Hybrid deterministic-stochastic methods for data fitting

M. P. Friedlander, M. Schmidt
SIAM Journal on Scientific Computing, 34(3):A1380–A1405, 2012

Abstract

Many structured data-fitting applications require the solution of an optimization problem involving a sum over a potentially large number of measurements. Incremental gradient algorithms oﬀer inexpensive iterations by sampling a subset of the terms in the sum; these methods can make great progress initially, but often slow as they approach a solution. In contrast, full-gradient methods achieve steady convergence at the expense of evaluating the full objective and gradient on each iteration. We explore hybrid methods that exhibit the beneﬁts of both approaches. Rate-of-convergence analysis shows that by controlling the sample size in an incremental-gradient algorithm, it is possible to maintain the steady convergence rates of full-gradient methods. We detail a practical quasi-Newton implementation based on this approach. Numerical experiments illustrate its potential beneﬁts.

Reproducible research

The following code facilitates the reproduction of all figures appearing in the paper.

Downloads

Most scripts use pre-computed data files to save time. When a required data file is missing it is automatically regenerated. To regenerate all experiments, simply delete the intermediate files in the +batching/results+ directory.

Getting started

Download the zip archive

2011FriedlanderSchmidt-experiments.zip (42M)
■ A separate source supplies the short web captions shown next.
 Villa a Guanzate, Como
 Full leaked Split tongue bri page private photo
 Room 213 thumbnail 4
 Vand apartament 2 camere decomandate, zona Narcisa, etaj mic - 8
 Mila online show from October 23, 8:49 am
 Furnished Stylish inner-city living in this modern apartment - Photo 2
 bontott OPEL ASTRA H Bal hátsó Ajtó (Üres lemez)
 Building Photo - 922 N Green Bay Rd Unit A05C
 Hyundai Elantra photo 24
in a suitable directory and unzip. Next, start Matlab, change to the resulting hybrid directory and type addpath(genpath(pwd)) to set up all required paths.
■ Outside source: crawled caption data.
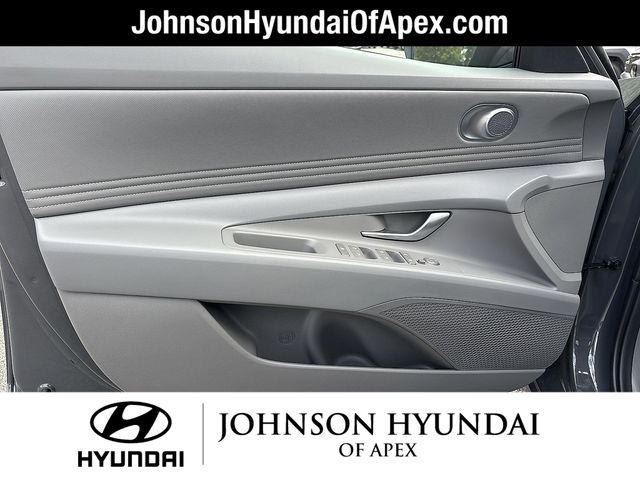 2025 Hyundai Elantra SEL - Photo 27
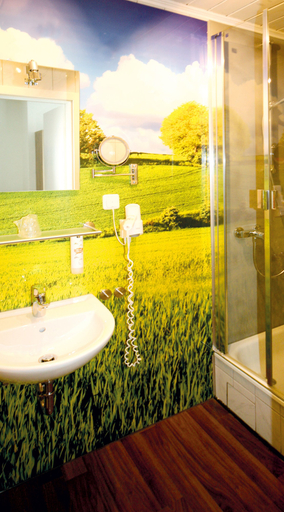 Bathroom 5, Hotel Ertl, Kulmbach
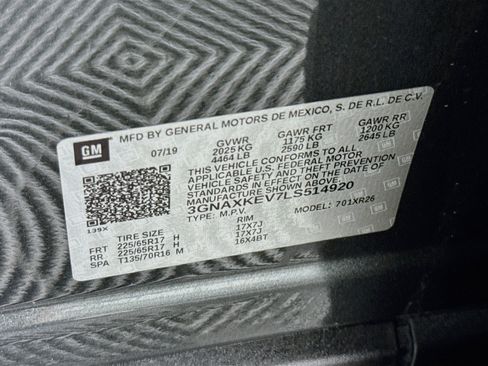 Used 2020 Chevrolet Equinox LT FWD image 36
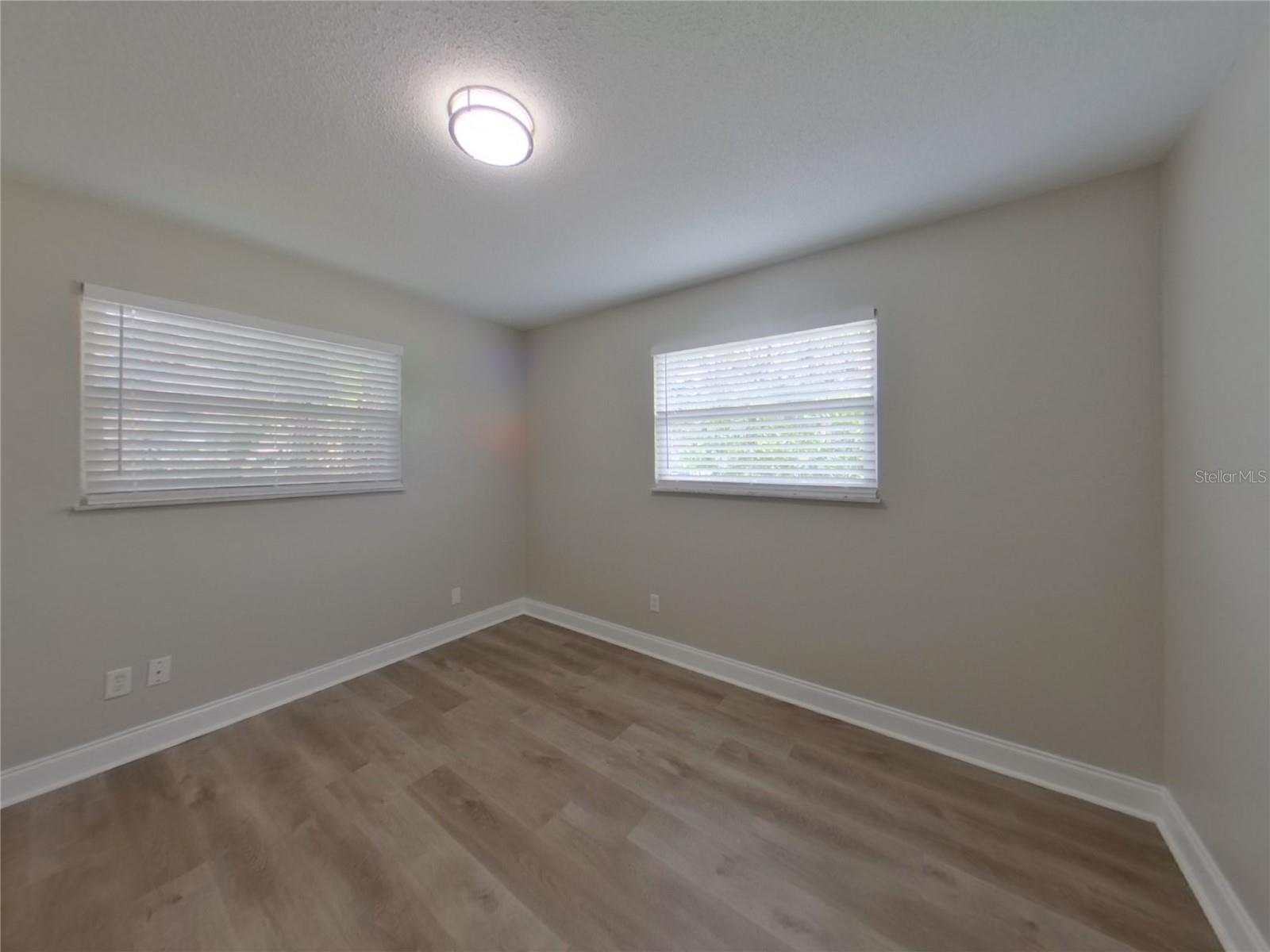 1522 PINE TREE DR, EDGEWATER, FL, 32132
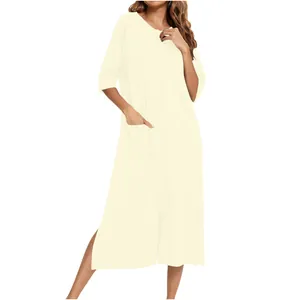 Comoda camicia da notte per allattamento color crema con zip frontale.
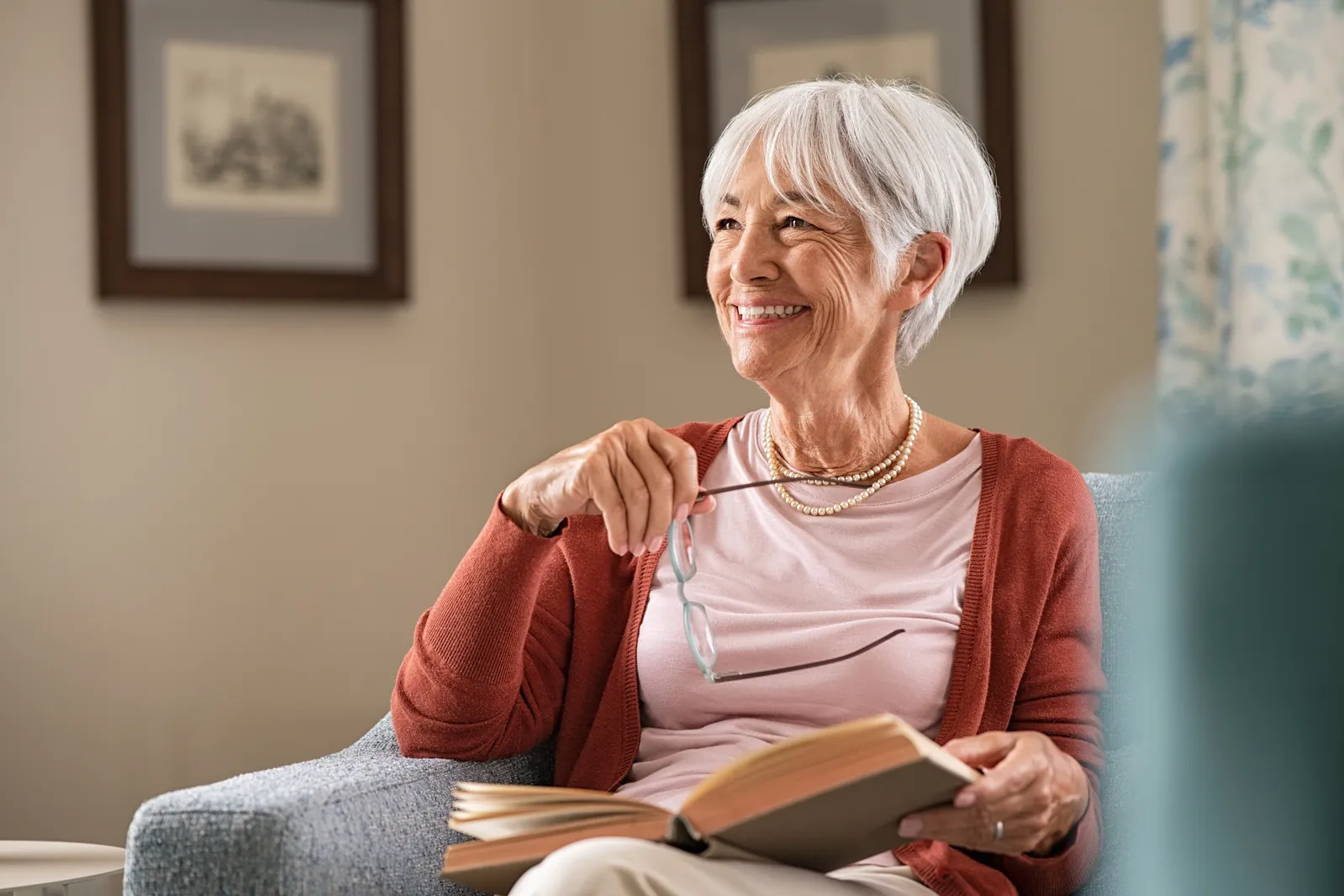 Senior souriante chez elle, cadre apaisant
# Run demo, similar Figure 5.5:
>> example_batching

# Run the experiments in the paper (assumes existing results files removed):
>> expBatching_runAll

# Reproduce all the plots in the paper:
>> expBatching_plotAll

BiBTeX

@article{FriedlanderSchmidt2012,
  author = {M. P. Friedlander and M. Schmidt},
  title = {Hybrid deterministic-stochastic methods for data fitting},
  journal = {SIAM J. Scientific Computing},
  volume = {34},
  number = {3},
  pages = {A1380–A1405},
  year = {2012}
}